WORK TO BE COMPLETED =
In your copy of the data below, reproduce every entry exactly and omit the pictures.

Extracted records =
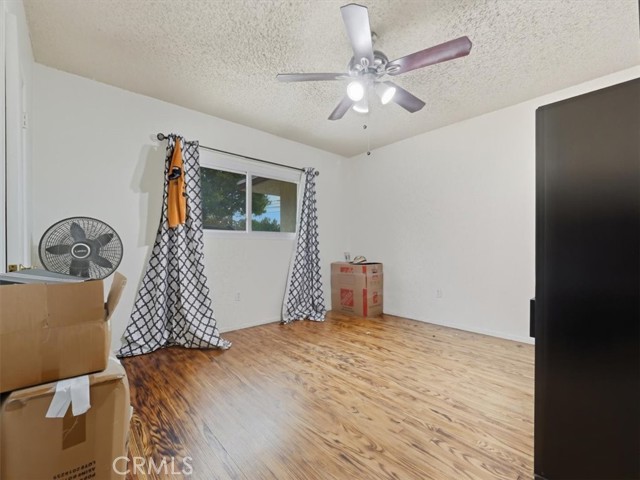 17962 Merrill Avenue, Fontana CA: https://media.crmls.org/medias/10d09387-dc4d-4a5f-9faa-de8558996d74.jpg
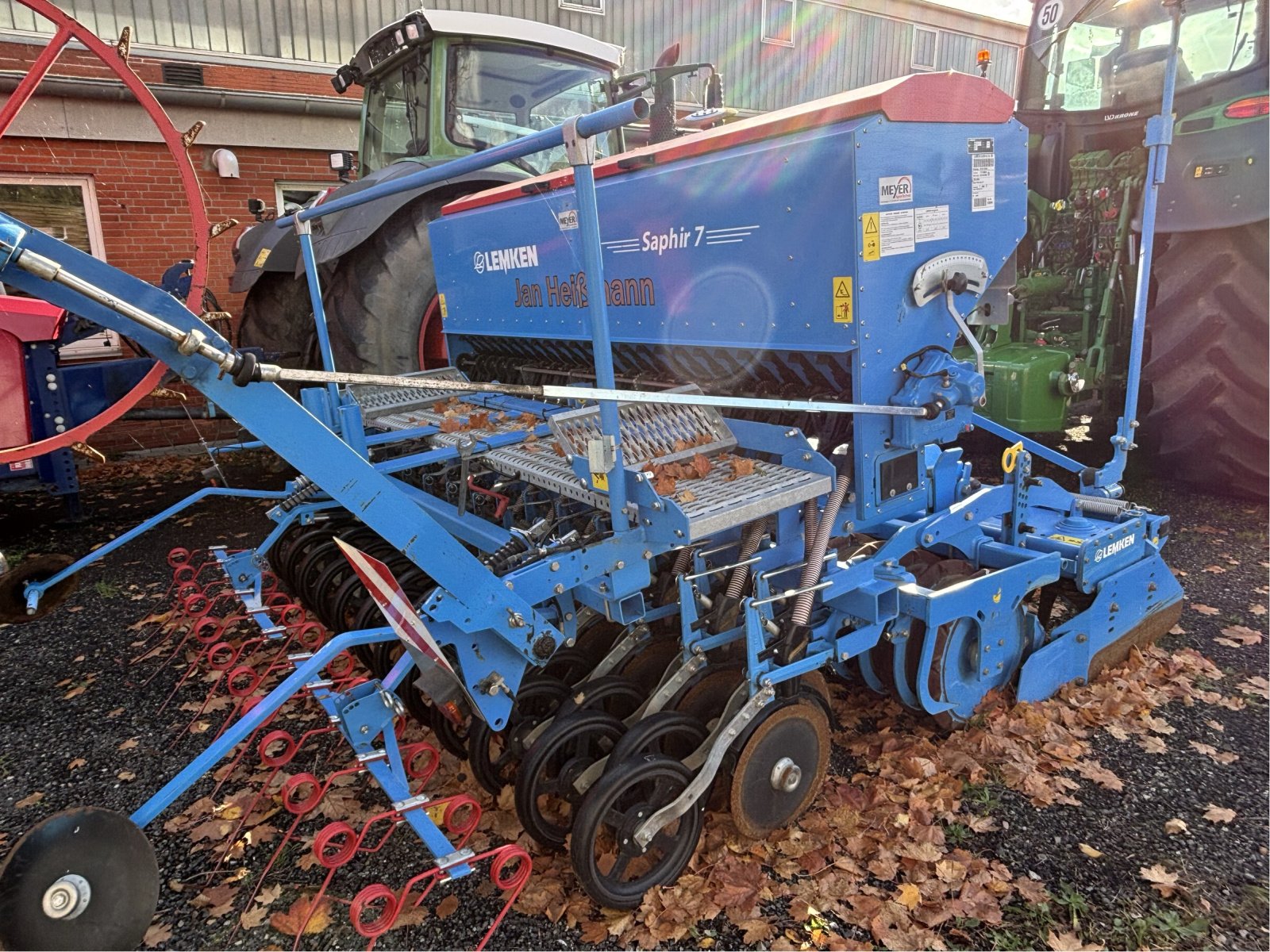 zapfwellenbetriebenes Gerät of the type Lemken Zirkon 12/300 & Saphir 7/300, Gebrauchtmaschine in Elmenhorst-Lanken (Picture 3)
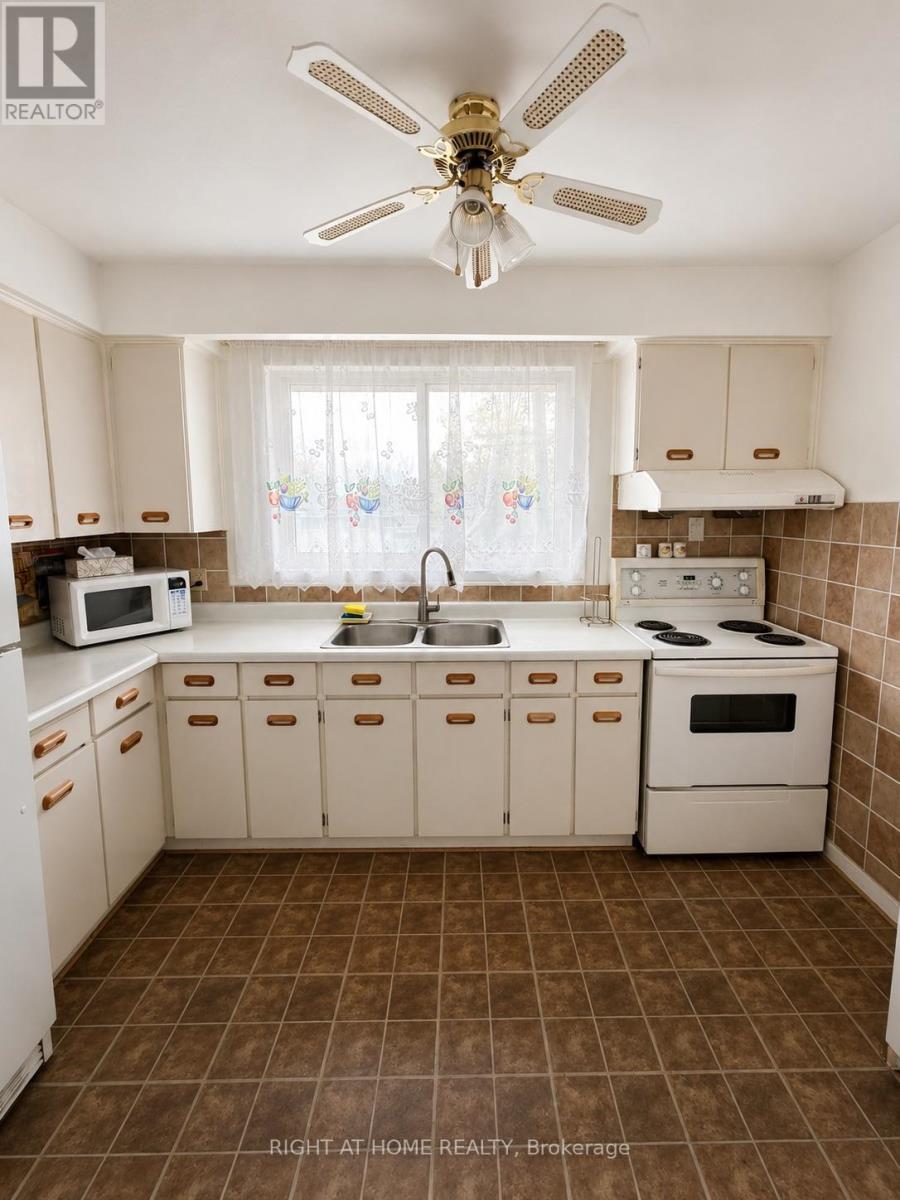 22 Charlbrook Avenue, Barrie (Cundles East), Ontario  L4M 2Y4 - Photo 9 - S13159150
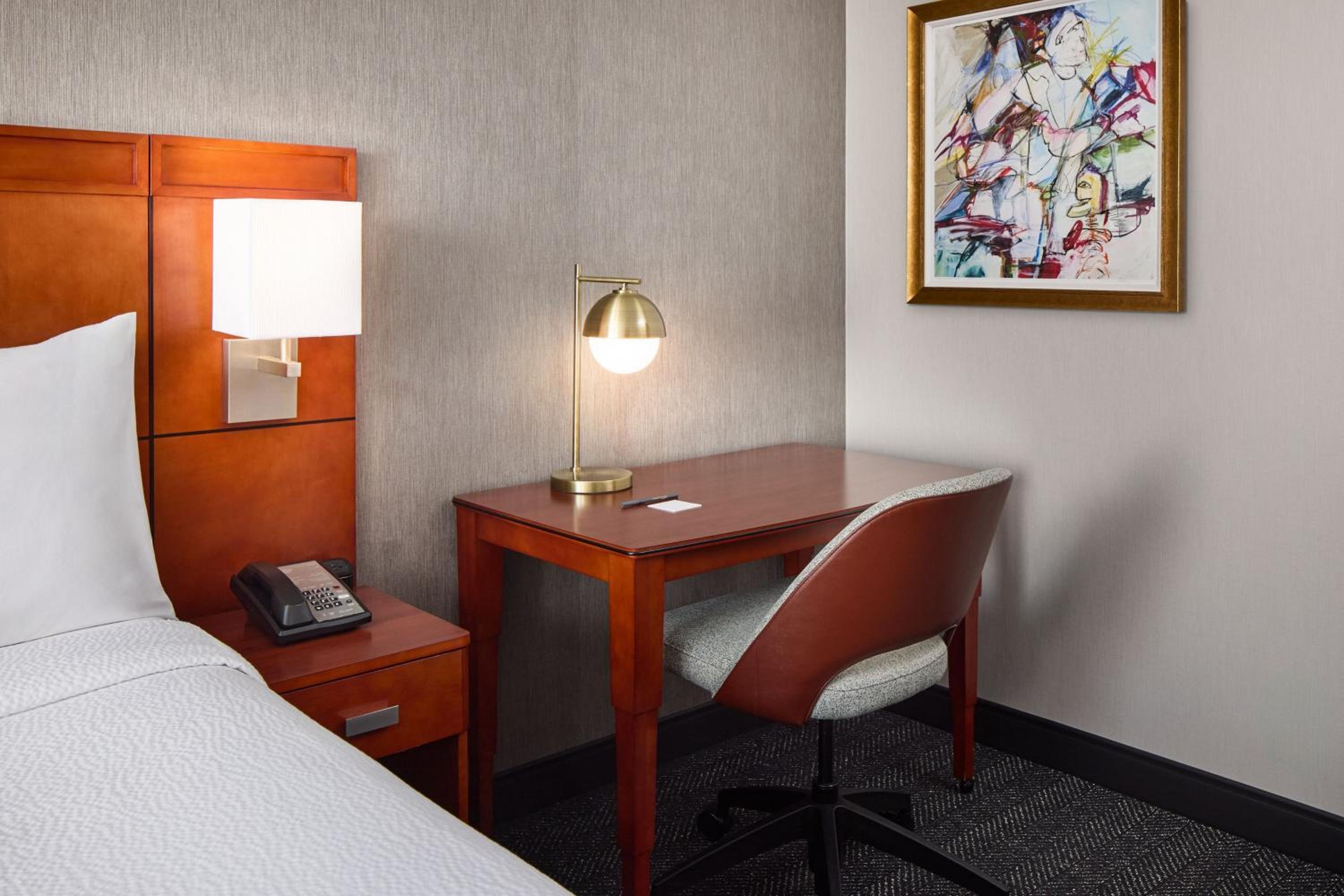 Queen Room - Photo 4
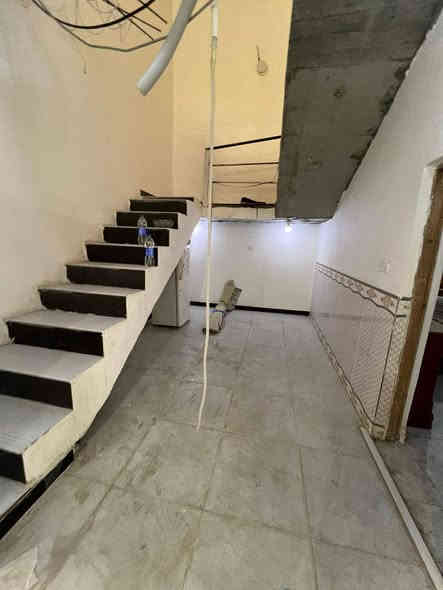 ياالله سلام عليكم توفر بيت بمساحه 120 متر العنوان الجزيره الفيروزيه مقابيل شارع16 البيت قاط ونص يتكون من 3غرف وديوانيه ومطبخ وصاله المشتري ياخذ نسخا من طابو وكالت محكمه ومكاتبت مكتب السعر 60 وبي مجال الستفسار***********
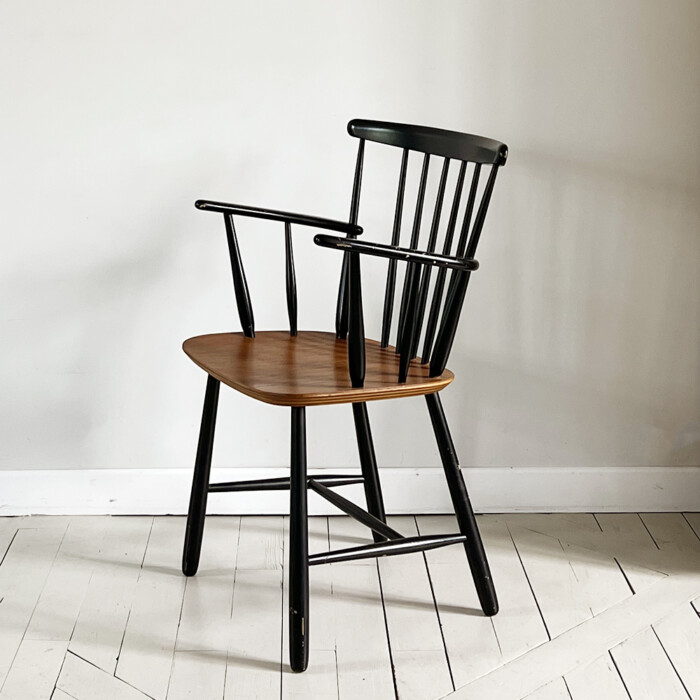 Fauteuil type Tapiovaara avec accoudoirs – Image 3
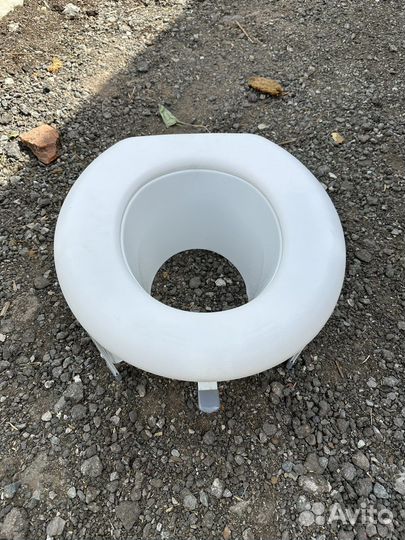 Сиденье для унитаза насадка для пожилых Mega 7060C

ANSWER BOX =
 17962 Merrill Avenue, Fontana CA: https://media.crmls.org/medias/10d09387-dc4d-4a5f-9faa-de8558996d74.jpg
 zapfwellenbetriebenes Gerät of the type Lemken Zirkon 12/300 & Saphir 7/300, Gebrauchtmaschine in Elmenhorst-Lanken (Picture 3)
 22 Charlbrook Avenue, Barrie (Cundles East), Ontario  L4M 2Y4 - Photo 9 - S13159150
 Queen Room - Photo 4
 ياالله سلام عليكم توفر بيت بمساحه 120 متر العنوان الجزيره الفيروزيه مقابيل شارع16 البيت قاط ونص يتكون من 3غرف وديوانيه ومطبخ وصاله المشتري ياخذ نسخا من طابو وكالت محكمه ومكاتبت مكتب السعر 60 وبي مجال الستفسار***********
 Fauteuil type Tapiovaara avec accoudoirs – Image 3
 Сиденье для унитаза насадка для пожилых Mega 7060C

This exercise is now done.